> **Task to carry out**
Copy the entries below exactly; any picture among them should be left out.

> **Material provided**

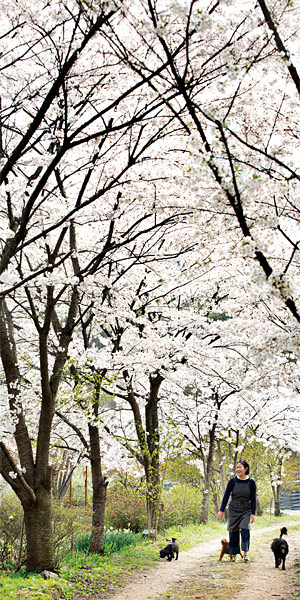 묘목으로 심은 벚나무가 16년 만에 꽃 터널을 만들 만큼 자랐다. ⓒphoto 김종연 영상미디어 기자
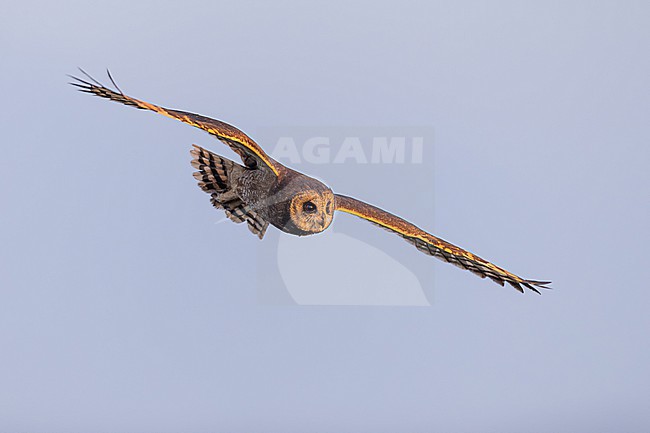 Afrikaanse Velduil, Asio capensis tingitanus, Marsh Owl stock-image by Agami/Menno van Duijn,
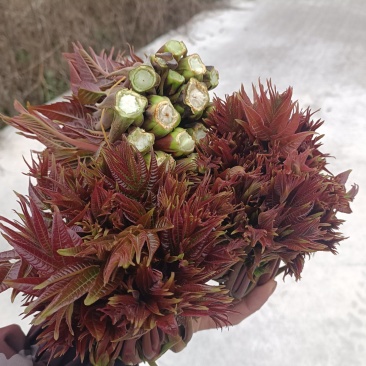 贵州香椿菜香椿芽红香椿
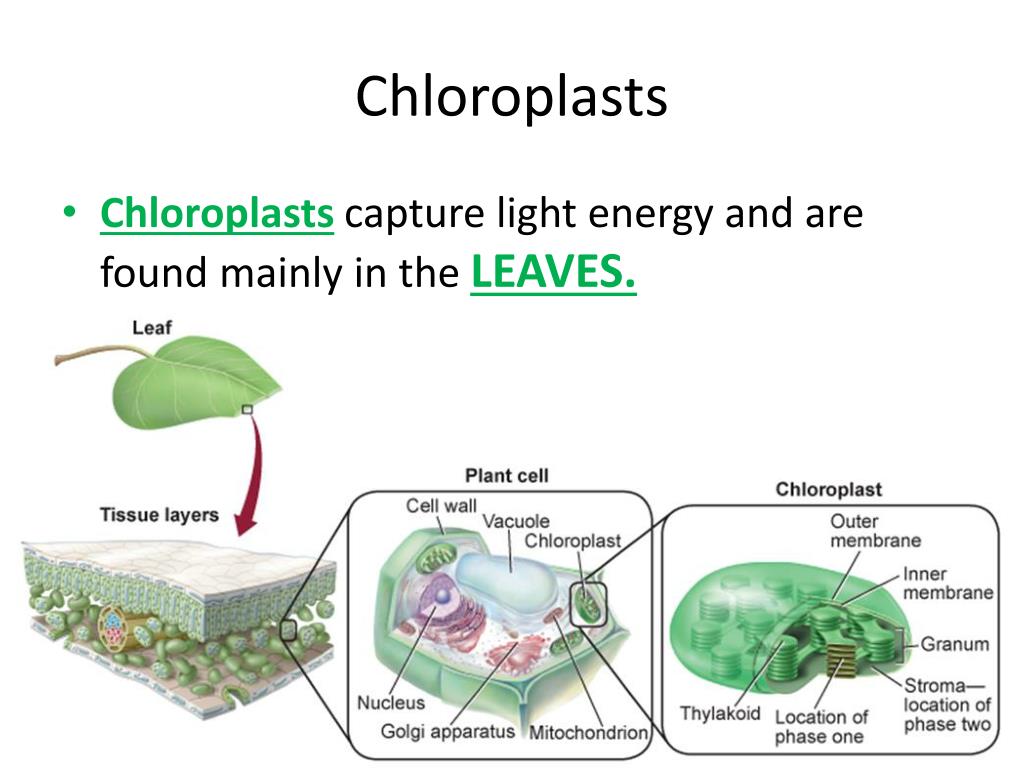 PPT 8.2 Photosynthesis PowerPoint Presentation, free download ID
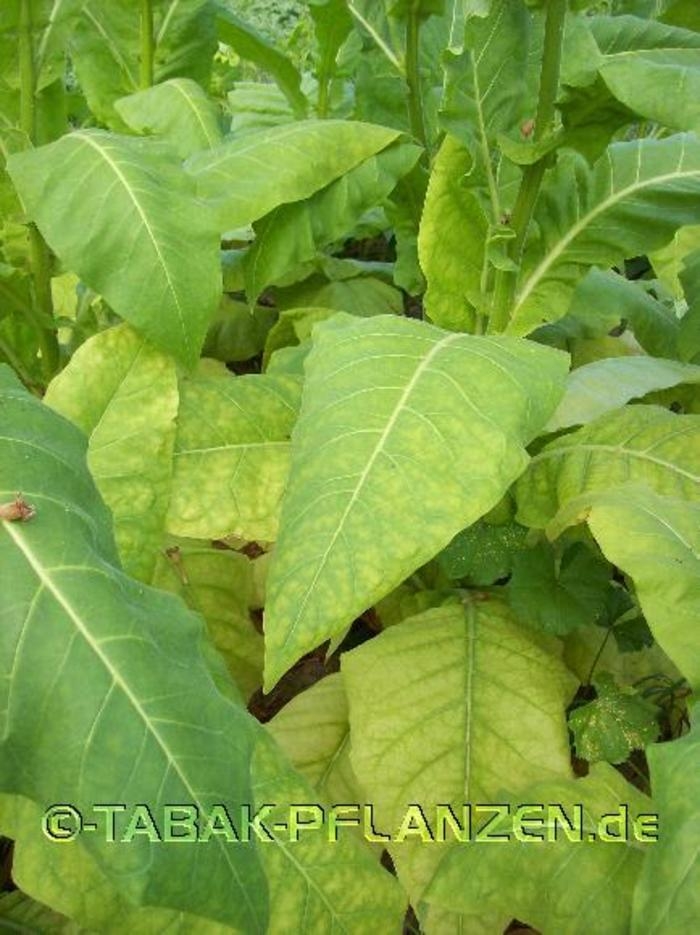 7 Tabakpflanzen, Jungpflanzen, Rauchtabak, Tabak Fogeu Nicotiana tabacum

> **Exercise answer**
 묘목으로 심은 벚나무가 16년 만에 꽃 터널을 만들 만큼 자랐다. ⓒphoto 김종연 영상미디어 기자
 Afrikaanse Velduil, Asio capensis tingitanus, Marsh Owl stock-image by Agami/Menno van Duijn,
 贵州香椿菜香椿芽红香椿
 PPT 8.2 Photosynthesis PowerPoint Presentation, free download ID
 7 Tabakpflanzen, Jungpflanzen, Rauchtabak, Tabak Fogeu Nicotiana tabacum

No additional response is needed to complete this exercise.